CONVERTING W3C GEO DATA
The W3C Geo data representation is a widely used simple representation for point data. It is a straightforward
process to convert data from this format into GeoSPARQL. It is simply a matter of concatenating the longitude and
latitude into a WKT point. If your triple store supports SPARQL 1.1, the following SPARQL CONSTRUCT query can
return a converted graph:
CONSTRUCT {
?feature a geo:Feature ;
geo:hasGeometry [
a sf:Point ;
geo:asWKT ?wkt
] .
}
WHERE {
?feature a gn:Feature ;
wgs84_pos:lat ?lat ;
wgs84_pos:long ?long .
BIND (STRDT(CONCAT("POINT(",?long, " ", ?lat, ")"),sf:WktLiteral) as
?wkt) .
}
If a SPARQL 1.1 processor is not available, this process can be executed programmatically instead.
QUERYING YOUR DATA
RETRIEVING GEOMETRIES
The most basic type of GeoSPARQL querying is simply retrieving Geometry information back from the triple store.
To do this, you simply need to form a SPARQL query in the same ontology as the data was inserted:
SELECT ?wkt
WHERE {
ex:Monument1 geo:hasGeometry ?g .
?g geo:askWKT ?wkt .
}
TOPOLOGICAL RELATIONSHIPS
With GeoSPARQL, you can also do topological comparisons between geometries. There are three ways to do this.

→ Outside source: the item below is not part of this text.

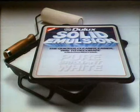A quick, cleaner, and easier way to decorate. Solid emulsion, new from Dulux.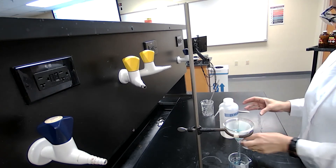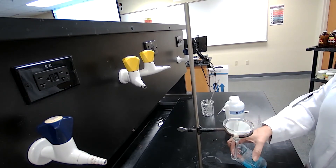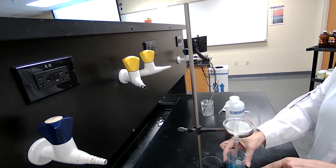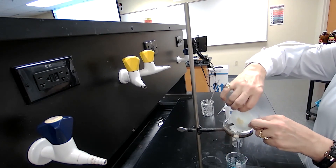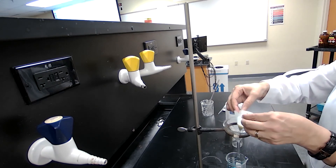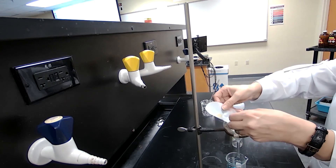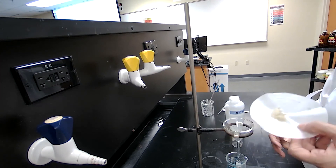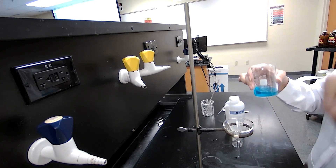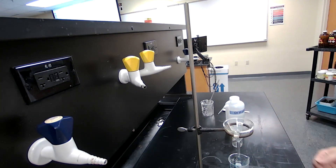Now we have separated the solid from the liquid. The liquid portion — the blue copper sulfate solution — is in the beaker, and the sand is on the filter paper. If you need to recover the materials: take the filter paper out of the funnel, place it on a watch glass, and let it air dry — then you have dry sand. The liquid can be evaporated and you end up with copper sulfate. That is the separation technique using physical means.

1. Use GeoSPARQL filter functions
2. Use geometry-to-geometry properties
3. Use feature-to-feature properties
TOPOLOGICAL FUNCTIONS
With the filter functions, you can compare two geometries that are fetched from the triple store, or you can
compare a geometry from the triple store and one that is explicitly stated in the query. The previous bounding box
query was an example of the latter. That example is repeated here:
SELECT ?f
WHERE {
?f geo:hasGeometry ?g .
?g geo:asWKT ?gWKT .
FILTER (geof:sfWithin(?gWKT,
"POLYGON ((-77.2 38.8, -77 38.8, -77 39, -77.2 39.9,
-77.2 38.8))"^^sf:wktLiteral))
}
The filter function in this example is geof:sfWithin. All of the topological comparisons from Simple Features
are available:
Functions
geof:sfEquals
geof:sfDisjoint
geof:sfIntersects
geof:sfTouches
geof:sfWithin
geof:sfContains
geof:sfOverlaps
geof:sfCrosses
TOPOLOGICAL PROPERTIES
The above topological comparisons can also be used to compare two geometries in the triple store by a direct
property between the geometries. For instance, to find Monuments that were within ex:Park1, we could issue
the following query:
SELECT ?f
WHERE {
ex:Park1 geo:hasGeometry ?g1 .
?f a ex:Monument;
geo:hasGeometry ?g2 .
?g2 geo:sfWithin ?g1 .
}
Note that the prefix on the topological properties differs from that of the topological functions. However, the
same set of relations is available:
Properties
geo:sfEquals
geo:sfDisjoint
geo:sfIntersects
geo:sfTouches
geo:sfWithin
geo:sfContains
geo:sfOverlaps
geo:sfCrosses
There are also other sets of topological relations that can be applied, whose functionality overlaps that of the
simple features. They are discussed in Alternate spatial relation types.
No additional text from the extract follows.